Widely Available Drug May Help Treat ALS
An antibiotic commonly prescribed for acne may slow the development of ALS, also known as Lou Gehrig's disease, according to a study conducted at the McGill University Health Centre Research Institute.
An antibiotic commonly prescribed for acne may slow the development of ALS, also known as Lou Gehrig's disease, according to a study conducted at the McGill University Health Centre Research Institute. The study found that the antibiotic minocycline delays the onset and progression of disease in a mouse model of ALS. The research, co-authored by Jasna Kriz, Minh Dang Nguyen and Jean-Pierre Julien, will be published in the June issue of the journal Neurobiology of Disease.

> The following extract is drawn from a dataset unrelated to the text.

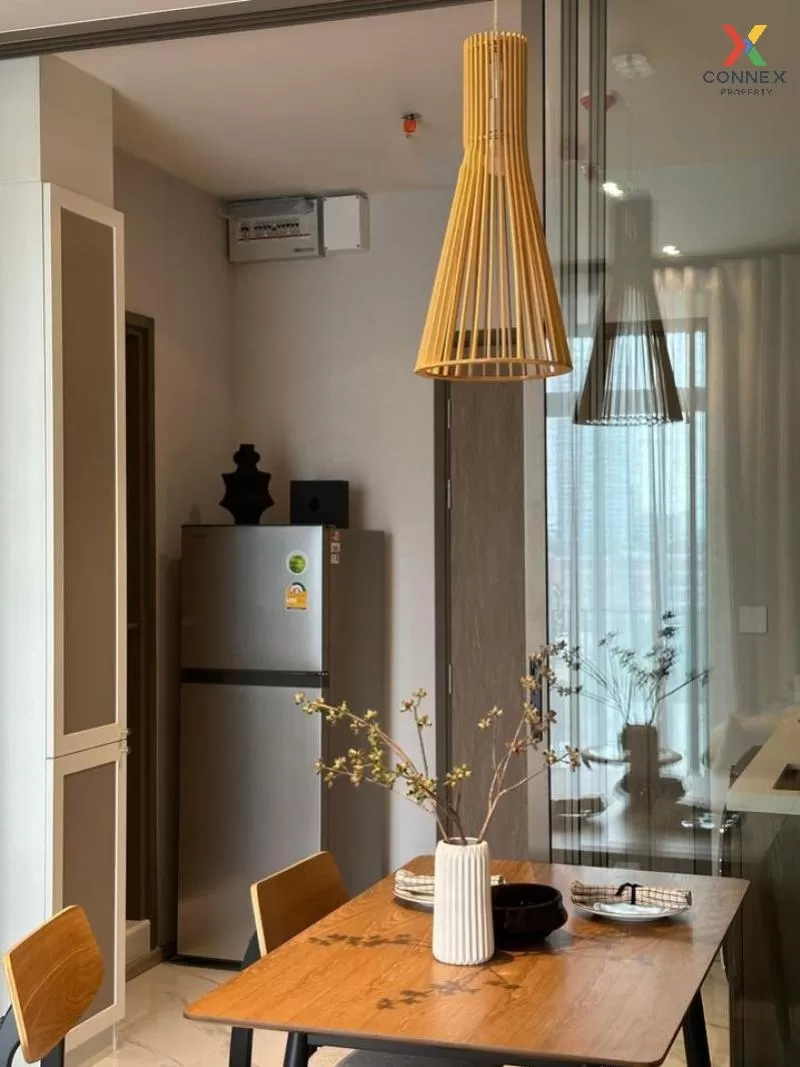 FOR RENT condo , Rhythm Ekkamai Estate , BTS-Ekkamai , Khlong Tan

A steadily progressive and fatal neuromuscular disease, ALS erodes a person's motor neurons, eventually leading to total paralysis and the inability to speak or swallow. People with ALS usually die within two to five years of diagnosis. Little is known about the cause of ALS and there is no cure. It is a disease of national importance, affecting between 1,500 to 2,000 people in Canada at any one time. Two to three Canadians a day die of ALS.
"The analysis that was carried out by Jasna Kriz clearly demonstrates that minocycline delays the onset of neuronal loss and prolongs life in ALS-mice," says Professor Jean-Pierre Julien, principal investigator of this study. "Minocyline is potentially more effective than other treatments currently available and it has no adverse side effects. Our results clearly indicate that the next step is to commence clinical trials."
Dr Julien's discovery is funded by a unique partnership between the ALS Society of Canada and the Muscular Dystrophy Association of Canada (MDAC), This partnership, in collaboration with the Canadian Institutes of Health Research (CIHR), has funded over $6 million of neuromuscular research in the past two years.
"As there is currently little effective pharmacological treatment for ALS, this breakthrough research provides hope, where there has been little, to those who are living with ALS and their families," says Suzanne Lawson, National Executive Director for the ALS Society of Canada. "We are pleased that research, funded by our collaborative initiative with MDAC and CIHR, has resulted in such an important discovery that will significantly impact future ALS research."
The MUHC study compared the life span, muscle strength, neuronal loss and inflammatory response in ALS-mice that were fed a regular diet with those given food containing minocycline. The mice fed the minocycline lived substantially longer, had a delayed onset of neuronal and muscle deterioration, and a noticeably reduced inflammation of their brains.
"This is very exciting news for CIHR," says Dr. Alan Bernstein, President of the Canadian Institutes of Health Research (CIHR). "Dr. Julien's discovery is an excellent example of how innovative outreach partnerships, such as this one between the ALS Society and MDAC, can work. I congratulate Dr. Julien and his team for their important discovery that offers the promise of better health for ALS patients."
"Canadian scientists continue to contribute advances in research so that anticipation is now greater than ever that the next few years will provide genuine effective therapeutic approaches for many neuromuscular disorders," said Dr. Eric Shoubridge, professor of neurology and neurosurgery at the Montréal Neurological Institute and Chair of the Medical and Scientific Advisory Committee of the Muscular Dystrophy Association of Canada. "The excellent work of my colleague Dr. Julien greatly furthers this cause."
"We initiated this study because we suspected that the inflammation in the brain contributes to the disease process. In addition to being an antibiotic, minocycline demonstrates anti-inflammatory properties. Thus by attenuating the inflammatory response, minocycline was able to delay the onset of the disease and consequently prolong the life of these animals," says Julien.
About the Muscular Dystrophy Association of Canada
Canadians with neuromuscular disorders have a right to enjoy a good quality of life as independent, mobile, productive and fully contributing members of Canadian society. Since 1954 the Muscular Dystrophy Association of Canada has been funding leading research to find therapeutic approaches to neuromuscular disorders. Until then the Association is committed to providing vital services, information and hope to tens of thousands of Canadians affected by these disorders.
About the ALS Society of Canada
The ALS Society of Canada is a national voluntary organization dedicated solely to those affected by ALS, raising funds for research and supporting quality care for persons affected by ALS. The ALS Society has partner units in every Canadian province. The ALS Society of Canada has funded research by Dr. Julien for more than five years. This year marks the 25th anniversary of the ALS Society.
About the Canadian Institutes of Health Research
CIHR is Canada's premier agency for health research. Its objective is to excel, according to internationally accepted standards of scientific excellence, in the creation of new knowledge and its translation into improved health for Canadians, more effective health services and products,
and a strengthened health care system.